Para ampliar essa difusão, a pesquisadora vem procurando fechar parcerias com universidades e escolas técnicas e vem participando de eventos que possam servir à divulgação do método. Em 2003, por exemplo, ela esteve participando de projeto internacional da Unido, a Organização para o Desenvolvimento Industrial, da ONU, para diagnóstico de duas áreas em diferentes partes do mundo: na cidade de Itaituba, onde a equipe da pesquisadora teve o primeiro contato com a comunidade local, e em Manado, uma região da Indonésia onde o Cetem também atuou . Os dois métodos foram utilizados: o tradicional, e, em seguida, o método alternativo. Nas duas comunidades, além de instalação do kit, houve treinamento específico de profissionais locais.

"Além do projeto na Indonésia e no Brasil, o coordenador do projeto da Unido também adquiriu seis kits para uso em países em desenvolvimento: Laos, Zimbabwe, Sudão e Tanzânia e mais dois entregues no Brasil (Secretaria de Meio Ambiente do Pará, em Belém) e na Indonésia. Até agora, só recebi notícias do Sudão, onde o método tem sido usado precariamente devido à falta de reagentes", fala. Apesar disso, a pesquisadora continua na expectativa de ter maior retorno dos resultados nesses países. "Até porque as recomendações da Organização Mundial da Saúde (OMS) orientam aos países a adotar medidas preventivas para controlar possíveis focos de contaminação por mercúrio", diz.

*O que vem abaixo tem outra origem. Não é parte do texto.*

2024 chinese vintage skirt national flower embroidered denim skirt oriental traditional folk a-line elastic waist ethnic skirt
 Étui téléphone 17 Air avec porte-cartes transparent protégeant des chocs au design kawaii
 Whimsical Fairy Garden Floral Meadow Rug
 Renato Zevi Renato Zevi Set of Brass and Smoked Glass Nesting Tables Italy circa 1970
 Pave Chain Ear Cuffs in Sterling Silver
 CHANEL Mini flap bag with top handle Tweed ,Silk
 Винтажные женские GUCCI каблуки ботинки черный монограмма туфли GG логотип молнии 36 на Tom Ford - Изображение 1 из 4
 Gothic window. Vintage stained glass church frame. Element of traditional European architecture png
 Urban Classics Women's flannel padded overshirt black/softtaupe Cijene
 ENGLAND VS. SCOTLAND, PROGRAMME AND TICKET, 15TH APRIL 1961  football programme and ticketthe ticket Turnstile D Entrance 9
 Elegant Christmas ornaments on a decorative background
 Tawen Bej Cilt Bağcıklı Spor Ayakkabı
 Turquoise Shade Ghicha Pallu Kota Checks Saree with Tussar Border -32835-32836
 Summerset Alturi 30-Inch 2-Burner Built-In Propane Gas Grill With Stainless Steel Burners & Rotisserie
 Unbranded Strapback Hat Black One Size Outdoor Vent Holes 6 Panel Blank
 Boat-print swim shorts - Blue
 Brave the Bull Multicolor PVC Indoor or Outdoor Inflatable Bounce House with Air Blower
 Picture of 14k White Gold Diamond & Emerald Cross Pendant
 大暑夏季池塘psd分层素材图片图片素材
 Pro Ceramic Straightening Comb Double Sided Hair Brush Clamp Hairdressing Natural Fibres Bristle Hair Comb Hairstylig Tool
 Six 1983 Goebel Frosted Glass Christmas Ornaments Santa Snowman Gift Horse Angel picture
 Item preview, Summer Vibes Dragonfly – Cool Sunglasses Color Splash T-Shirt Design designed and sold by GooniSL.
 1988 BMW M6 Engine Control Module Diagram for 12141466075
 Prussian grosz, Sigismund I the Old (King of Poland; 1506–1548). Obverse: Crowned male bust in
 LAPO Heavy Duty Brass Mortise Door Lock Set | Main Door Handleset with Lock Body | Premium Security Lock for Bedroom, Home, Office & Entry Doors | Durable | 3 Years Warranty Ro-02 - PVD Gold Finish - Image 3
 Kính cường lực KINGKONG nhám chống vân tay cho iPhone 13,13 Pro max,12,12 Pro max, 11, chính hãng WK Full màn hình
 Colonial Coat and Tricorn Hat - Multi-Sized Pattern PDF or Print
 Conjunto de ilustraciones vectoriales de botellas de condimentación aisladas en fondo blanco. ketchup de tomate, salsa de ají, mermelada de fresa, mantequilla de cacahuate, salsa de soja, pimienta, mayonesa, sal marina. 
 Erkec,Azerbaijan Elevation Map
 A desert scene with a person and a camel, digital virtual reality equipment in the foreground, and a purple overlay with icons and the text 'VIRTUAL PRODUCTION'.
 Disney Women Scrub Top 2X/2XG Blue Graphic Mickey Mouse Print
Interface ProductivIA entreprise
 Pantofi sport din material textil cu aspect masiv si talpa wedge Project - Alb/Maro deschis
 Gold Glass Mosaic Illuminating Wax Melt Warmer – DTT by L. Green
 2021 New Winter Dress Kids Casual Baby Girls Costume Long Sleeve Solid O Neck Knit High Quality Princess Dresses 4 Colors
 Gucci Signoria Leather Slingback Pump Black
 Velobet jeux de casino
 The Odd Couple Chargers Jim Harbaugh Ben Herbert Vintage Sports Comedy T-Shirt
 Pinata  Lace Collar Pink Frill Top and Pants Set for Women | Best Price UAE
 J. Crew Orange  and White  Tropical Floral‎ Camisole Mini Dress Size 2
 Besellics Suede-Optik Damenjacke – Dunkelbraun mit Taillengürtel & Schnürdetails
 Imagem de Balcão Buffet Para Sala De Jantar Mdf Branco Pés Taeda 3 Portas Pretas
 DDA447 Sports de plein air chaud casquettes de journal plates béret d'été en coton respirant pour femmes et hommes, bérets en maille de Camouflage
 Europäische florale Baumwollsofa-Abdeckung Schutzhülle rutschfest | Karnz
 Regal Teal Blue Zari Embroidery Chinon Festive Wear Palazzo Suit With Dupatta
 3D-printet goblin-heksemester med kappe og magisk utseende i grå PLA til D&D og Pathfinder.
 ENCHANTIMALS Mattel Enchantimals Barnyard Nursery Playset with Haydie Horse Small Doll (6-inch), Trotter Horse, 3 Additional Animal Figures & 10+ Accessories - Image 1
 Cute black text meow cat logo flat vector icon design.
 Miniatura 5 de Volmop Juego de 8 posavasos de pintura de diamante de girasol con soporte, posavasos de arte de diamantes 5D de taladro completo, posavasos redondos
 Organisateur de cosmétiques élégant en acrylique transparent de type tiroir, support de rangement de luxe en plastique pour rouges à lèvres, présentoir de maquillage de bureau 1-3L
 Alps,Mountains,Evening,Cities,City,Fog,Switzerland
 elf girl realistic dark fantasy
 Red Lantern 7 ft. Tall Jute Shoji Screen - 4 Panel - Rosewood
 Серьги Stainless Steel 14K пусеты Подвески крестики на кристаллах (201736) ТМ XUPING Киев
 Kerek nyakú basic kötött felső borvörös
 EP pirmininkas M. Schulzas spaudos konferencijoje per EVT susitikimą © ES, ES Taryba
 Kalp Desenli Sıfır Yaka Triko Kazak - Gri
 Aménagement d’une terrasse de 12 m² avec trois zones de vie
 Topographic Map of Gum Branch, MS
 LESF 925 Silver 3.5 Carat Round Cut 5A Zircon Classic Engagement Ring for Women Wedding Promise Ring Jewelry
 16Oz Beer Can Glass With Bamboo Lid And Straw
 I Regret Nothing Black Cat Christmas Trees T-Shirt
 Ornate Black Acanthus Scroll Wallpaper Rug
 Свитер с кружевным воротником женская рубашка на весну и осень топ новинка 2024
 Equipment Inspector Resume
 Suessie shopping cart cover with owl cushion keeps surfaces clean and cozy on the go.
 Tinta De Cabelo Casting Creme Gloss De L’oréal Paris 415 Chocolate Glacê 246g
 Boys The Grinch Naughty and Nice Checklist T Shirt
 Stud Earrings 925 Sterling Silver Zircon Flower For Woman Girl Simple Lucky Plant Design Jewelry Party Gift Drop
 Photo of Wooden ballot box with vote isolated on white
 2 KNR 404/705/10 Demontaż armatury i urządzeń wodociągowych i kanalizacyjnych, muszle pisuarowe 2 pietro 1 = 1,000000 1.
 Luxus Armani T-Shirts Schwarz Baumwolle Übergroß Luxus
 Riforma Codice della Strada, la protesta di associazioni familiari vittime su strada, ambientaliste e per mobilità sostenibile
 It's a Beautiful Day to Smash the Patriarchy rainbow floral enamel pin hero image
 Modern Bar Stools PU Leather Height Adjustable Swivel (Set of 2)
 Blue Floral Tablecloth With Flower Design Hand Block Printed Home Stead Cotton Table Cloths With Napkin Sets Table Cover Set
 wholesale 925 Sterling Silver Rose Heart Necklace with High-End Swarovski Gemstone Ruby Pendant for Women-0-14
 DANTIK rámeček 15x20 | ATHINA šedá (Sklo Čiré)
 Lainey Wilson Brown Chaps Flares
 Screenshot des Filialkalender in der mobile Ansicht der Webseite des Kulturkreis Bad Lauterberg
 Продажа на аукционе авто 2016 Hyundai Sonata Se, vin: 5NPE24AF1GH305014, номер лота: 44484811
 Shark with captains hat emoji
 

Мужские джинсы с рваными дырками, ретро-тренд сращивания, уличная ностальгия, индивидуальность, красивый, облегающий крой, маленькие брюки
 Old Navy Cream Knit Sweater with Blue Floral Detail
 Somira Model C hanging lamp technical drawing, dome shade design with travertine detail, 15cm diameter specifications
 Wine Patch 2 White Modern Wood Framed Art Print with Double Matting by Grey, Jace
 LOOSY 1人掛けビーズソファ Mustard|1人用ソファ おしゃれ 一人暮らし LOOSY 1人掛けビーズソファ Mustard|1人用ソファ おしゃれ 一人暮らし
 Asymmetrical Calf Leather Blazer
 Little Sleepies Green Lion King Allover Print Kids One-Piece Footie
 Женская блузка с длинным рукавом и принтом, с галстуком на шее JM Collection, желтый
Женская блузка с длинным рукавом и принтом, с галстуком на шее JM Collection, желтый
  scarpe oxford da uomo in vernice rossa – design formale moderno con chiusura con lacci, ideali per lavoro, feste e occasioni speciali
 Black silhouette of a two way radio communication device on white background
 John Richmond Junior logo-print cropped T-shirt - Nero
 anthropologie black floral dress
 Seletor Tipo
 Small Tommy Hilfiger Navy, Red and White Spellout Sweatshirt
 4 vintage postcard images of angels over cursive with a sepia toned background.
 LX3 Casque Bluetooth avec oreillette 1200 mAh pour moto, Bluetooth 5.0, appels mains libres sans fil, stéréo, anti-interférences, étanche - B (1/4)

A questão é evitar uma repetição de Minamata, no Japão, onde os resíduos de uma fábrica de plastificantes local contaminou as águas de uma comunidade pesqueira, nos anos 1950, deixando graves conseqüências para a população. Centenas de seus habitantes começaram a sofrer sérias deformidades físicas e mentais pelo envenenamento com mercúrio, o que chamou a atenção das autoridades e da imprensa internacional para o caso. Quando esteve na região, em 2001, Allegra ouviu de representantes da população que o que eles mais desejam, ainda hoje, é que o drama japonês sirva de exemplo para que se procure a todo custo evitar a repetição de desastre semelhante em qualquer lugar do mundo.